During their three years roaming Europe, Todra and Paul enjoyed a rich lifestyle for a remarkably low cost. Paul and Todra’s 325-square-foot, rent-controlled apartment in LA had cost them $1,050 monthly. As housesitters, though, their lodging was free, and they almost never paid for utilities. "We were able to live in large, beautiful homes in some of the most sought-after areas," says Todra. "We sometimes had housekeepers and gardeners on loan while we were in the homes."

They’re not paid for their services, but they usually get to enjoy all or most of the amenities that come with the home, such as club memberships, use of the pool (if one comes with the house), fresh produce from the gardens or orchards, and more. Homeowners often stocked their fridges with the kinds of foods Todra and Paul like, and occasionally they’ve been permitted to drink a few bottles from a homeowner’s wine cellar.

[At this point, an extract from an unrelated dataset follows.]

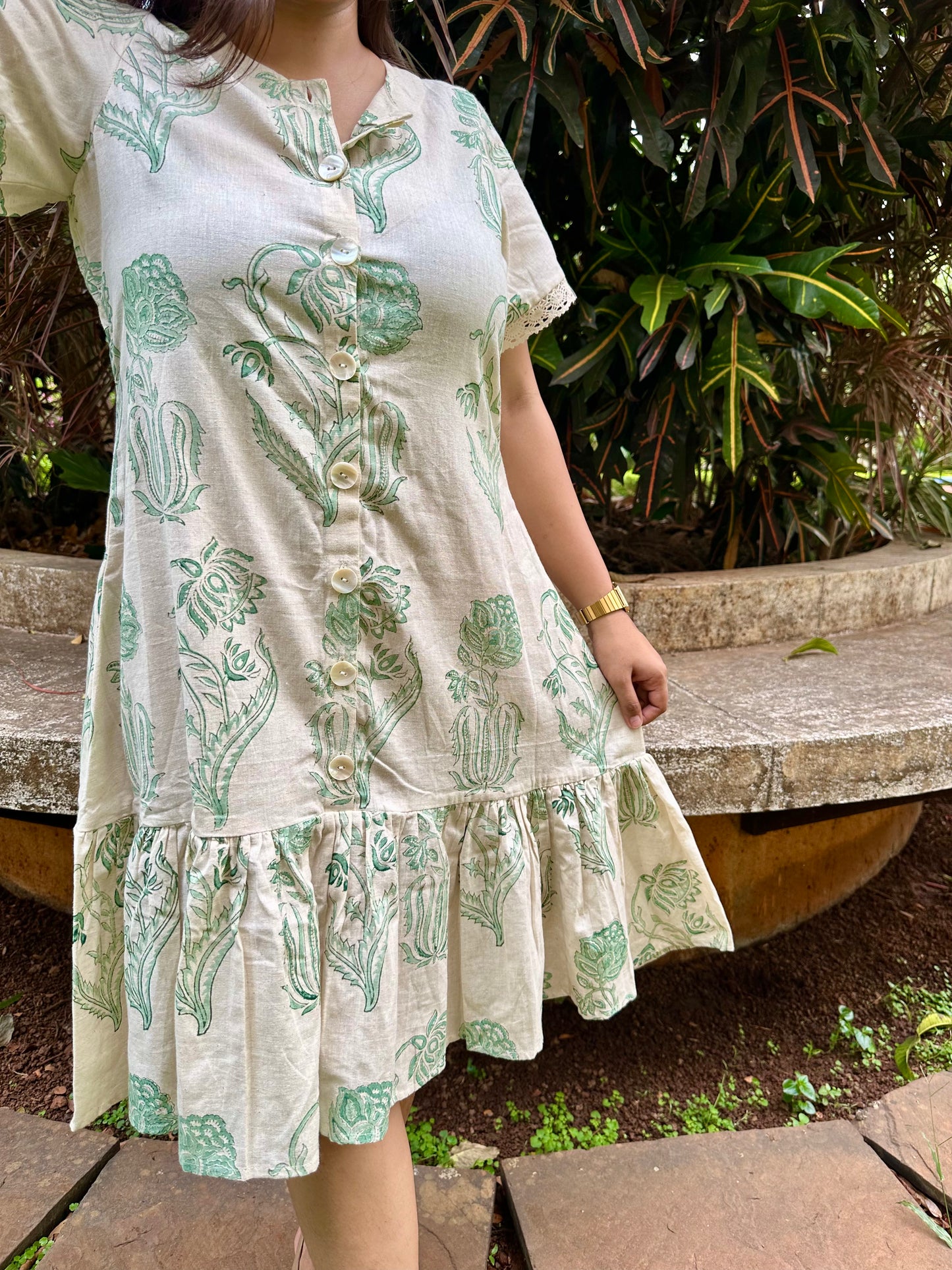 Pistachio Green Knee length Dress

The modest income they made from teaching English via online video went a long way, especially since the cost of living in most of the countries they visited was considerably lower than in the US. Healthcare was also much more affordable. Paul saw a private doctor in London and paid $65, which included a diagnostic test and a prescription. In rural Albania, a local doctor stitched Todra’s finger and wrote her a prescription, but waved off Todra’s attempts to pay her (though she accepted Todra’s "tip"). The antibiotic cost only $2.

Of all the places they lived as housesitters—including the UK, Portugal, Turkey, Sweden, Spain, Prague, Netherlands, Croatia, and Montenegro—their favorites are Helsinki and southern France.

Helsinki tops both of their lists of favorite places because they "loved the quiet nature of this book-loving culture. There is so much trust and a general sense of peace and acceptance here. If it weren’t for the cold and reduced daylight in the winter, we could easily call this city home," explains Paul. Southern France, on the other hand, has a much milder climate. Plus, Paul and Todra love the people, the food, and the beauty of the area. "It’s like a painting," says Todra.

Paul and Todra are back in the US—where they recently tied the knot—for now, and they’re planning for the day when they can relocate permanently. Their new goal: to settle down in the storybook countryside of Southern France.